There is a line like this.

splitby <- as.character(data$Date, by = 250000)

Just out of curiosity, I wonder what by argument means. It seems to be related to ff dataframe but I'm not sure. Google search and R documentation of as.character and as.vector provided no useful information.

I tried some examples but the codes below give the same results.

d <- seq.Date(Sys.Date(), Sys.Date()+10000, by = "day")
as.character(d, by=1)
as.character(d, by=10)
as.character(d, by=100)

If anybody could tell me what it is, I'd appreciate it. Thank you in advance.

2

There are 2 answers

0
Nick Kennedy On BEST ANSWER

Since as.character.ff works using the default as.character internally, and in view of the fact that df vectors can be larger than RAM, the data needs to be processed in chunks. The partition into chunks is facilitated by the chunk function. In this case, the relevant method is chunk.ff_vector. By default, this will calculate the chunk size by dividing getOption("ffbatchbytes") by the record size. However, this behaviour can be overridden by supplying the chunk size using by.

In the example you give, the ff vector will be converted to character 250000 members at a time.

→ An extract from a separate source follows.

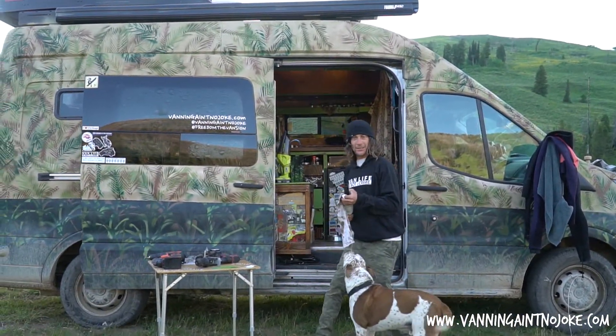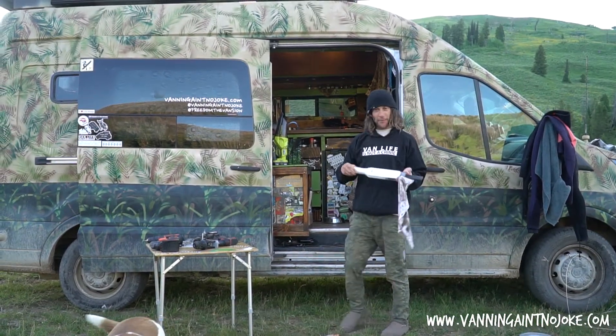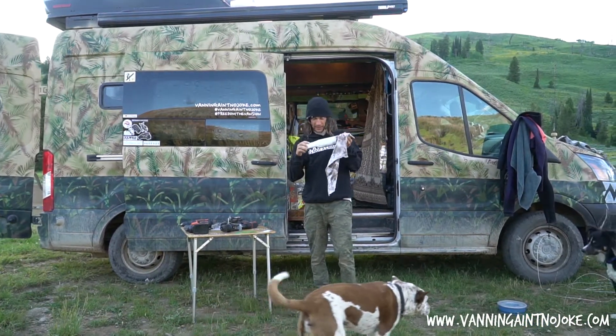My name is Lee. Backwards, that's Eel. Welcome to the Vanning Ain't No Joke channel. Today I'm going to review the Hooky vacuum. I hope I said that right.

The end result will be the same for any by or without by at all. Larger values will lead to greater temporary use of RAM but potentially quicker operation.

9
smci On

First, that function is ffbase::as.character, not plain old base::as.character

See http://www.inside-r.org/packages/cran/ffbase/docs/as.character.ff which says

as.character((x, ...))

Arguments:
x: a ff vector
...: other parameters passed on to chunk

So the by argument is being passed through to some chunk function. Then you need to figure out which package's chunk function is being used. Type ?chunk, tell us which one, then go read its doc to see what its by argument does.